Sept. 11, 2001, is not simply a historical date in America. Like Dec. 7, 1941, it is a line of demarcation.
There is Before 9/11 and After 9/11. We are now 15 years past that dreadful day. More than 3,000 people died in coordinated attacks by Islamist terrorists who hijacked airliners and flew them into the World Trade Center and the Pentagon, and would have crashed into the Capitol or some other iconic edifice but for the heroes who forced the terrorists to crash United Flight 93 into a field in Pennsylvania.
There are people who will vote for the first time on Nov. 8 who have little or no memory of the attacks. Future generations will have to be reminded about what happened.

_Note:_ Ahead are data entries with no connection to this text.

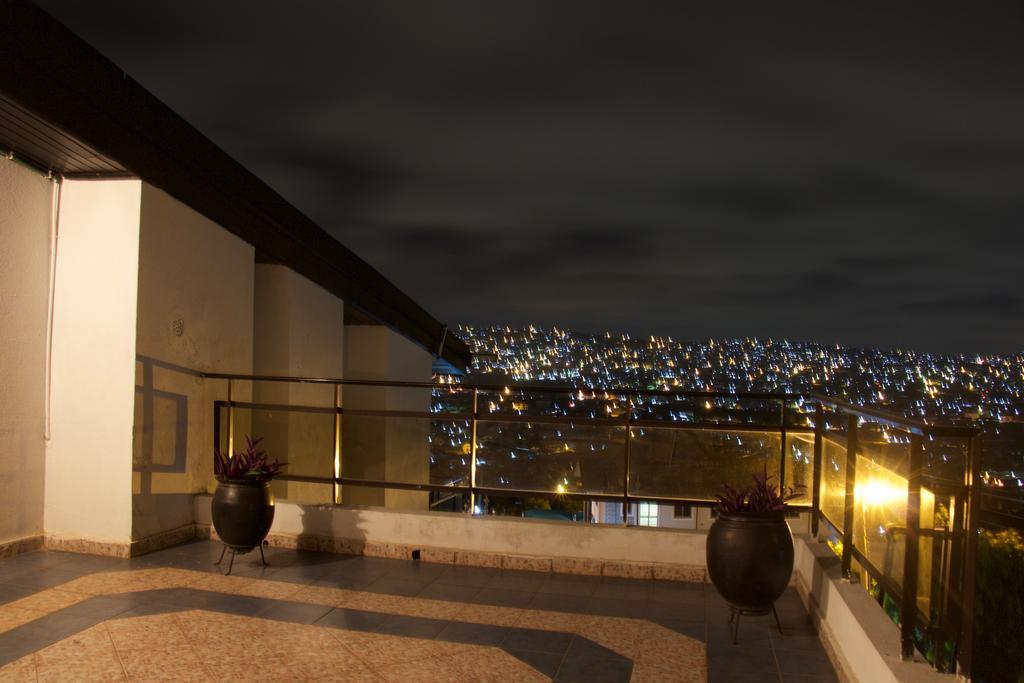 Hill View Hotel Mccarthy Hills Botianaw المظهر الخارجي الصورة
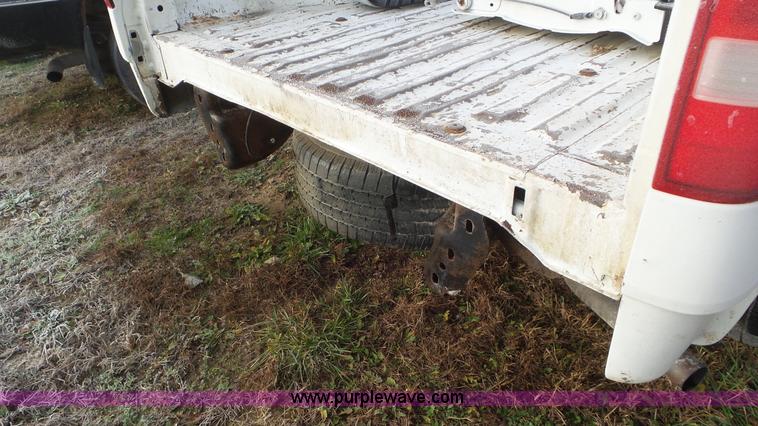 image for item J8420 2006 Ford F150 pickup truck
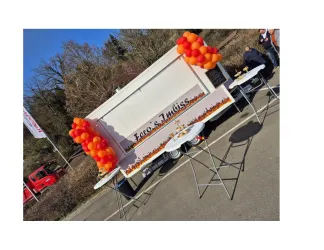 Aussenansicht mit Stehtischen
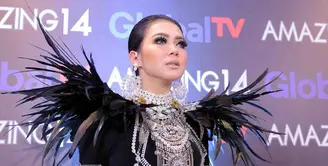 Selalu berbeda dalam setiap penampilannya. Itulah penyanyi Syahrini. Penyanyi yang memiliki jargon Cetar Membahana itu menjadi salah satu pengisi dalam acara HUT salah satu televisi swasta beberapa waktu lalu. (Deki Prayoga/Bintang.com)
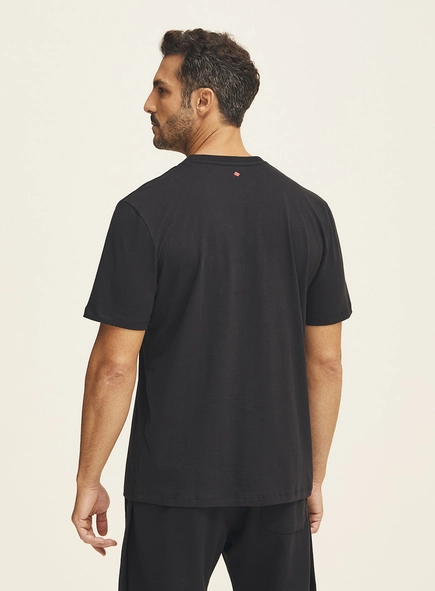 Camiseta Masculina Com Bolso Frontal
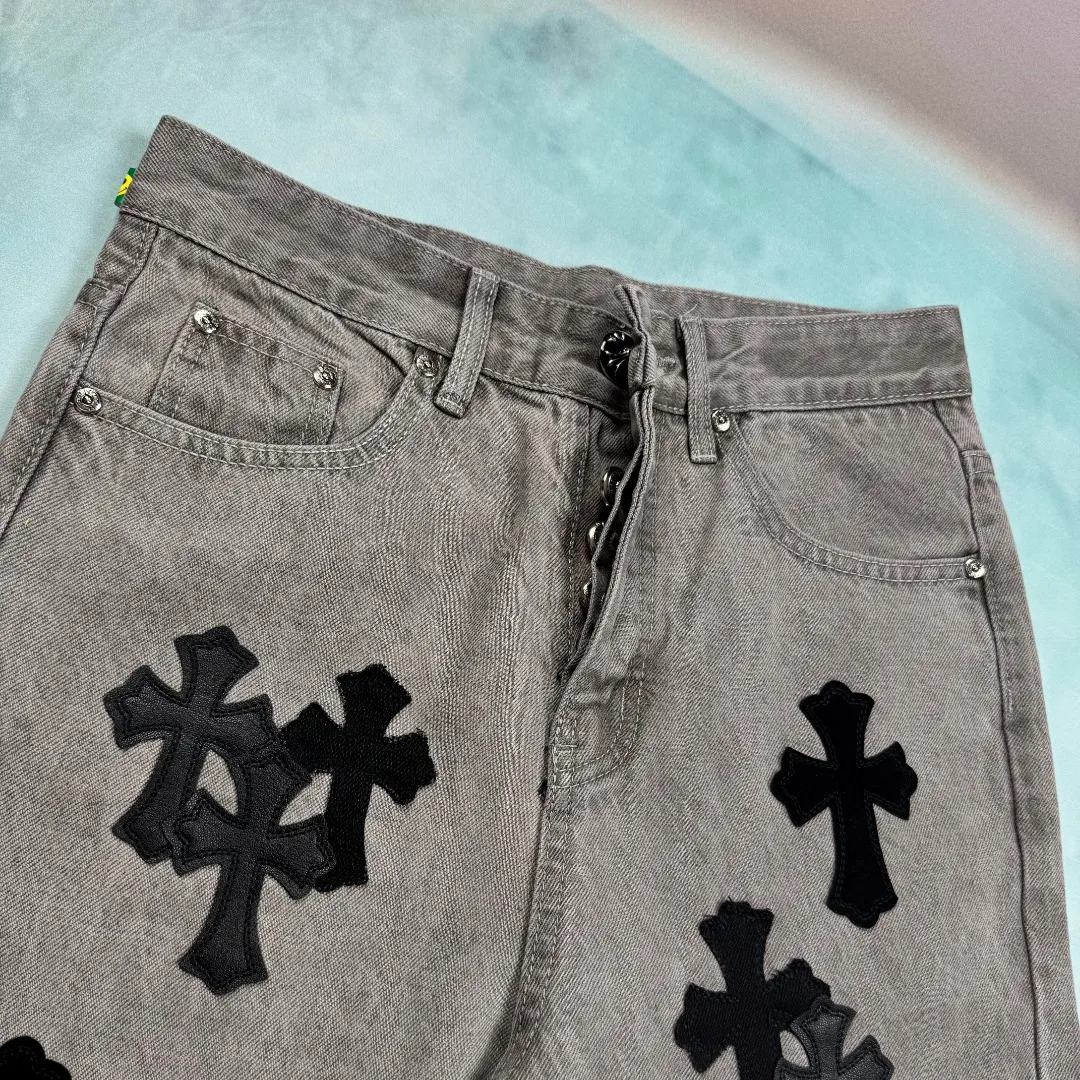 🅿️320 🔘Style No.-KL106 🔘Cro Heart𝐂𝐡𝐫𝐨𝐦𝐞 𝐇𝐞𝐚𝐫𝐭 SexRecords Series Metallic Cross London Limited Gray Ox King Jeans* [Same Style as Pan Weibo] The blockbuster in the fashion world is here! Chrome hearts and SexRecords co-branded the metal-veneer cross-fried snowflake gray London Bull King limited edition jeans. They are definitely top-notch products in the fashion industry. Fashionistas should not miss them! These pants perfectly recreate the vintage feel. The special cowhide produced in Italy is carefully printed and cut accurately by craftsmen. It is then matched with customized sheepskin and is carefully pasted with three layers of thick lines. The overall splicing process is unique, combined with heavy washing and dyeing, and every detail exudes unparalleled design charm. It adopts three-dimensional cutting and has a loose and comfortable fit. It can be easily controlled by any figure and has a great effect of making you taller and slimmer. Carefully crafted by a major manufacturer and following the strict quality control standards of the original factory, the quality is impeccable. Wearing it will instantly transform you into the focus of street fashion.  Size: S M L XL XXL (28.30.32.34.36) Color: Black Gray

Sept. 11 changed our world on many levels. Wars were waged in Iraq and Afghanistan, resulting in more than 4,400 deaths of American soldiers. Much of foreign and domestic policy since has focused on preventing another 9/11. The Department of Homeland Security, a post-9/11 creation, is the second-largest Cabinet department. Each terrorist attack, whether at home or abroad by al-Qaida or the Islamic State, becomes a 9/11 signpost.
Americans traveling by air are asked to remove their shoes, their belts, their laptops, their larger-than-3-ounce liquid bottles, their coffee cups, their nail clippers and their pocketknives. We put up with it, though resent it, so that we can be relatively certain that no one flies with so much as a boxcutter, the tool that helped enable 19 al-Qaida hijackers to seize control and turn passenger jets into bombs. As our military and CIA wage an air war with drones, we periodically hear of another al-Qaida or IS leader obliterated.
There is Before 9/11 and After 9/11. We are now 15 years past that dreadful day.
The death of Osama bin Laden, ordered by President Barack Obama and executed by SEAL Team Six, was the punctuation mark of the 9/11 era, not the banner hanging prematurely from an aircraft carrier proclaiming “Mission Accomplished.”
Politicians of both parties employ whatever rhetoric matches the moment in the echo chamber of 9/11. Are they tough enough? Nimble enough? Prescient enough? Presidential candidates focus on who would be the best defender in a post-9/11 environment.
Hillary Clinton, who represented New York in the U.S. Senate when the attack occurred, is seen as a hawk in the post-9/11 world. Donald Trump amps up the hyperbole, but the New Yorker did not bother to visit the new 9/11 Memorial until a few months ago.
The United States was not an innocent place prior to 9/11, but we may have naively believed in our invulnerability. We have been spared another catastrophic direct attack, but that doesn’t mean that one won’t happen. As we recall that deadly Tuesday in 2001, the attacks incongruously set against a morning sky across America, our vigilance, 15 years later, is still warranted.